Filling every argument is more likely to hurt than to help. You incur additional unification costs, especially if the terms you are filling the arguments with are big. The real thing you do by filling in the arguments is trading evar creation against unification. Unification is usually slower. However, if you have any holes that are filled by canonical structure resolution, by typeclass resolution, or which require other backtracking and unfolding things or refreshing universe variables, filling them in can speed things up a lot.
I think the difference between semicolon and period in proof scripts only matters in interactive mode (in coqtop/CoqIDE/ProofGeneral/etc, not when running make). Let me know if you test it and discover otherwise.
This is very true and has impacts on both printing and other things. The set itself would not be slow due to printing, but instead due to the fact that it tries to find all occurrences of the term in your goal (stupidly, up to some reduction (beta-iota? I can't recall), rather than up to syntactic equality), and replace them with the new hypothesis. If you don't need this behavior, use pose rather than set. Additionally, big context variables can slow down tactics that depend on the size of the context, and this is why Definition is faster in sections.

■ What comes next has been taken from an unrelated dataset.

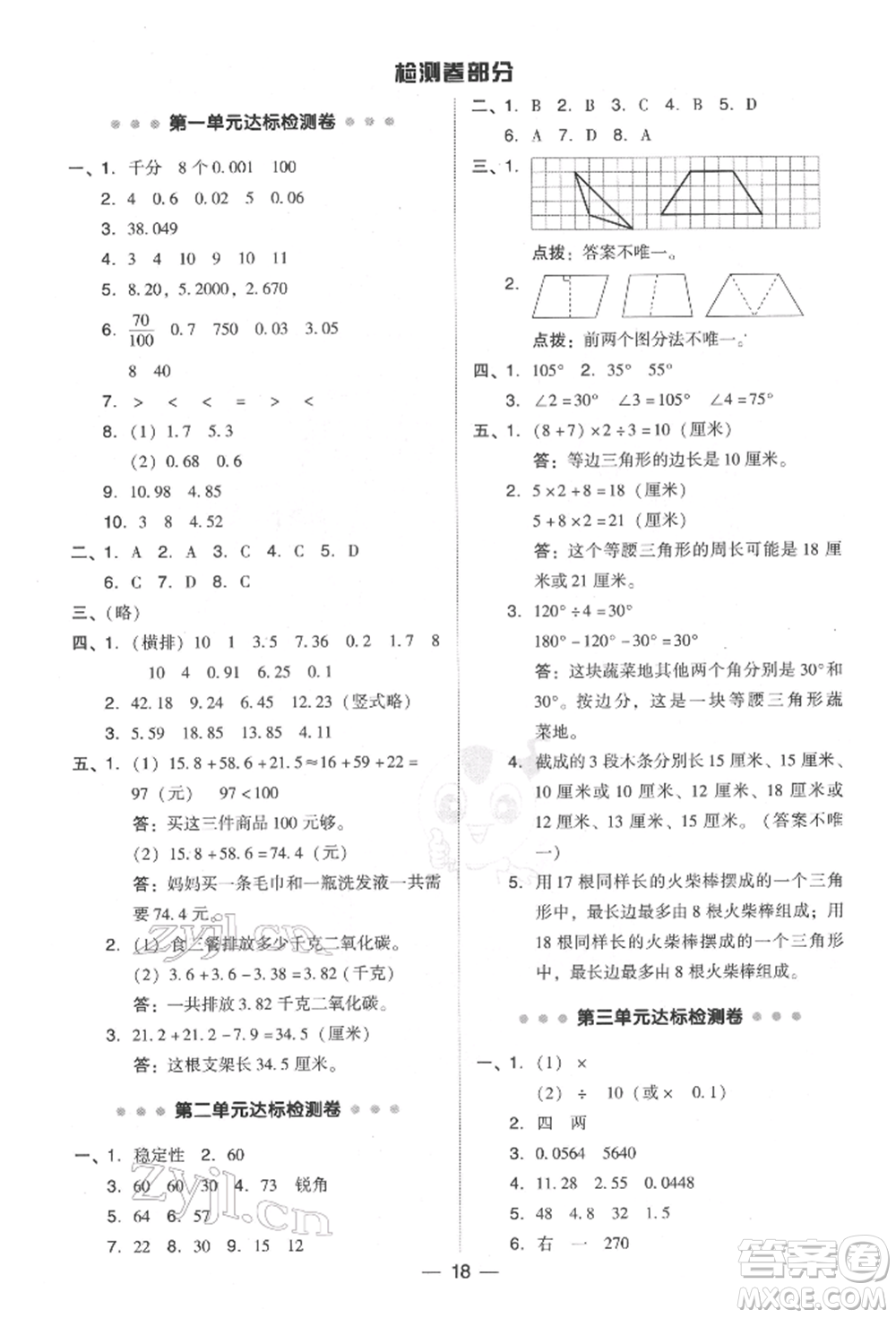 陜西人民教育出版社2022典中點綜合應用創(chuàng)新題四年級數(shù)學下冊北師大版參考答案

Other thoughts on things I've run into:

Pick good abstraction barriers, and respect them religiously. You will pay in sweat and tears every single time you break an abstraction barrier. (Picking good abstraction barriers is incredibly hard. Usually I do this by copying existing mathematical abstractions or published papers. I've managed to generate a good abstraction barrier entirely from scratch, in some sense, exactly once in the past five years. The abstraction barrier, in hindsight, can be described with the "insight" that "when writing C-like code, every function takes one tuple as an argument and returns one tuple as a result.")
If you're doing reflective proofs, pick good algorithms. If you use unary natural numbers, or your algorithm has exponential running time, you're proof will be slow.
In Coq < 8.7, evar-map normalization incurs massive overhead on large terms. (Props to Pierre-Marie for fixing this with his EConstr branch.)
Slow End Section (and sometimes slow Defineds) are frequently caused by issues with rehashconsing. To fix this, cross your fingers and pray. (Or become a Coq dev and fix Coq.)
The guardedness checker is extremely slow at checking bare fixes with large bodies (maybe only in the presence of beta-iota-zeta reduxes?). The work-around is to extract the body into a separate definition. For example, rather than writing

Fixpoint length A (ls : list A) : nat :=
  match ls with
  | nil => 0
  | cons _ xs => S (length _ xs)
  end.

you could write

Definition length_step
             (length : forall A, list A -> nat)
             A (ls : list A)
    : nat
    := match ls with
       | nil => 0
       | cons _ xs => S (length _ xs)
       end.
Fixpoint length A (ls : list A) : nat
  := length_step length A ls.

Be aware that Coq will liberally (sometimes inconsistently) inline let x := ... in ... statements, which can easily lead to exponential definition internalization time.
When doing reification, canonical structures are fast but hard to read, Ltac is about 2x slower, and typeclass resolution can be 2x slower again (or can be the same speed as Ltac reification). Hopefully things will be better when Ltac2 is finished.
simpl is very slow on large terms

I may come back and add more later (and feel free to suggest things in the comments for me to add), but this is a half-decent start.